INTRODUCTION
Cardiovascular disease (CVD) presents a huge burden of disease globally.1 2 However, in the past three decades, there has been a significant decline in deaths caused by CVD in all high-income and some middle-income countries.1 Consequently, there has been an increase in the number of people living with CVD. Depression and anxiety are among the most common comorbidities in CVD and are up to three times more prevalent in people with CVD than in the general population.3 4 In the UK, 28% of cardiac patients report borderline or clinically significant levels of anxiety when starting cardiac rehabilitation (CR), and 19% report borderline or clinically significant levels of depression.5 Depression and anxiety in those with CVD are linked to poorer treatment adherence and quality of life, increased use of healthcare, risk of future cardiac events and mortality.6–8 CR is widely considered a means for psychological support using techniques such as relaxation training, stress management and cognitive–behavioural therapy (CBT).9–12 Qualitative studies have investigated types of psychological support cardiac patients would prefer, which include talking therapies and group-based interventions, rather than antidepressants.13 14 In practice, however, CR staff and patients report minimal discussion of emotional needs, with patients being reluctant to talk about their worries and dismissive of guided relaxation and stress management techniques as these are viewed as superficial.14 15 Meta-analyses of current psychological interventions for cardiac patients show high variability, low study quality and often weak outcomes.16 17 It is evident that more effective psychological interventions and higher-quality trials are needed.

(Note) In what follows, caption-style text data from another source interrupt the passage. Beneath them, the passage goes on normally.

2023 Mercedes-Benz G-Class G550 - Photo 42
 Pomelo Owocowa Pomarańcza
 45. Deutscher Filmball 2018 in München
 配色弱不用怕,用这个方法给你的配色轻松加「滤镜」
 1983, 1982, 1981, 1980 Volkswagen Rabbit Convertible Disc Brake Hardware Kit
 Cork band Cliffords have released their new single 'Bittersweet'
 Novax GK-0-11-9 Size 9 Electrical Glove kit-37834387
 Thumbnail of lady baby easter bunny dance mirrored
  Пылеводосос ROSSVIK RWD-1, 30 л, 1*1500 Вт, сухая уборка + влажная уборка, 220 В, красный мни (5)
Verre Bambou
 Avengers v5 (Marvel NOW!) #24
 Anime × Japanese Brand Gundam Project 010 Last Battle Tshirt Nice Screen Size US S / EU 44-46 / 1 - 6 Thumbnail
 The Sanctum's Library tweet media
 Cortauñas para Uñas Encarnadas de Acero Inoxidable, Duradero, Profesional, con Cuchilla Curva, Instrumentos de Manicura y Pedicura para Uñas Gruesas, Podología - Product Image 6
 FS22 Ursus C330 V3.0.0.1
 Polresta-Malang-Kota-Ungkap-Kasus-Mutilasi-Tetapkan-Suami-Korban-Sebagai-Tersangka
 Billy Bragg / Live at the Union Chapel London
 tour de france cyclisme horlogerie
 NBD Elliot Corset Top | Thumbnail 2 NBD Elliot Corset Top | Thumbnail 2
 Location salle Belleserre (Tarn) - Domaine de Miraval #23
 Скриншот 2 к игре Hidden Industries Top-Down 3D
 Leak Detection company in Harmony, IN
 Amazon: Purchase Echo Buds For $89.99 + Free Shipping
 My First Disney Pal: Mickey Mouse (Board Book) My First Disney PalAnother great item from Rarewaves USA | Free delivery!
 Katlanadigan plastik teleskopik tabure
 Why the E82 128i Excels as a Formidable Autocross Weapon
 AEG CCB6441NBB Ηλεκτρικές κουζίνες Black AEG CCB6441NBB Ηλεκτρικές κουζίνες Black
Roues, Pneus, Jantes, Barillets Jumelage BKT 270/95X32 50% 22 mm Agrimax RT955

Advances in mental health treatment might offer translational opportunities for treating psychological distress in CR patients. A recently developed treatment, metacognitive therapy (MCT)18 19 is highly effective in mental health settings. A meta-analysis evaluating the efficacy of MCT for anxiety and depression found that MCT produced large post-treatment effect sizes compared with waitlist control (hedges g=2.06).20 When MCT was compared with cognitive and behavioural interventions there were large effect sizes favouring MCT at post treatment (hedges’ g=0.69). MCT is based on an information processing model21 22 of psychological disorder in which distress is maintained by a maladaptive thinking style called the cognitive attentional syndrome (CAS). The CAS is characterised by difficult to control repetitive negative thinking (ie, worrying, rumination, dwelling on events), inflexible attention and maladaptive coping strategies (eg, avoidance, thought suppression) and is linked to underlying positive and negative metacognitive beliefs. Positive metacognitive beliefs concern the usefulness of worrying, for example ‘worrying means I’m prepared’, while negative metacognitive beliefs concern the harmfulness and uncontrollability of overthinking, for example ‘worrying will cause me to have a heart attack’, ‘I can’t stop worrying’. Pilot studies suggest that MCT is a feasible treatment that can be effective in physical health and in anxiety and depression in CR patients in particular.23
While quantitative research can establish the efficacy of psychological interventions the focus is limited to establishing whether there is a causal relationship between an intervention and patient change. Quantitative methods cannot provide insights into how complex interventions such as MCT are experienced or understood by patients.24 25 Qualitative methods are designed to facilitate insight into patients’ experiences and understanding of complex interventions and can provide information on how treatments are received, addressing questions concerning the appropriateness of the intervention, why it was successful or not, and any variation in effectiveness in the sample.24 Thus, qualitative methods are advocated for the understanding and transferability of complex interventions.26 27
This qualitative study was conducted as part of the National Institute for Health Research funded PATHWAY trial, which compared group MCT plus CR to CR alone for psychologically distressed CR patients.23 28 We interviewed patients in the intervention arm when they had completed group MCT. Our aims were to explore patients’ experiences and understanding of group MCT. In particular, we wanted to understand whether and how patients had engaged with and used the different techniques and what they valued in the treatment.